» What you need to do
From the first line to the last, print the material exactly, skipping the pictures.

» Supplied data
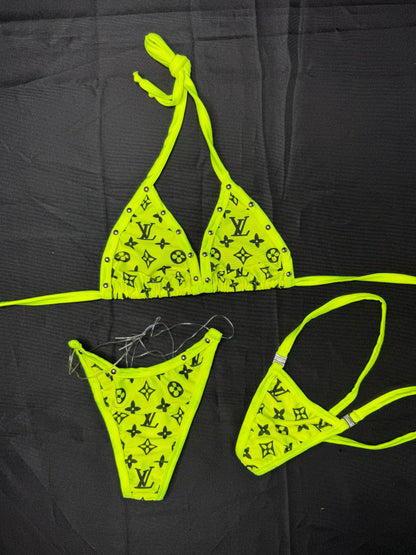 Neon Yellow Designer Two-Piece Bikini Lingerie Outfit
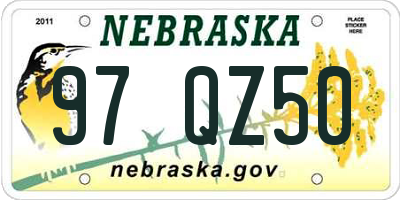 NE license plate 97QZ50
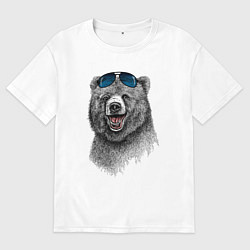 Женская футболка оверсайз Медведь в очках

» Solved exercise
 Neon Yellow Designer Two-Piece Bikini Lingerie Outfit
 NE license plate 97QZ50
 Женская футболка оверсайз Медведь в очках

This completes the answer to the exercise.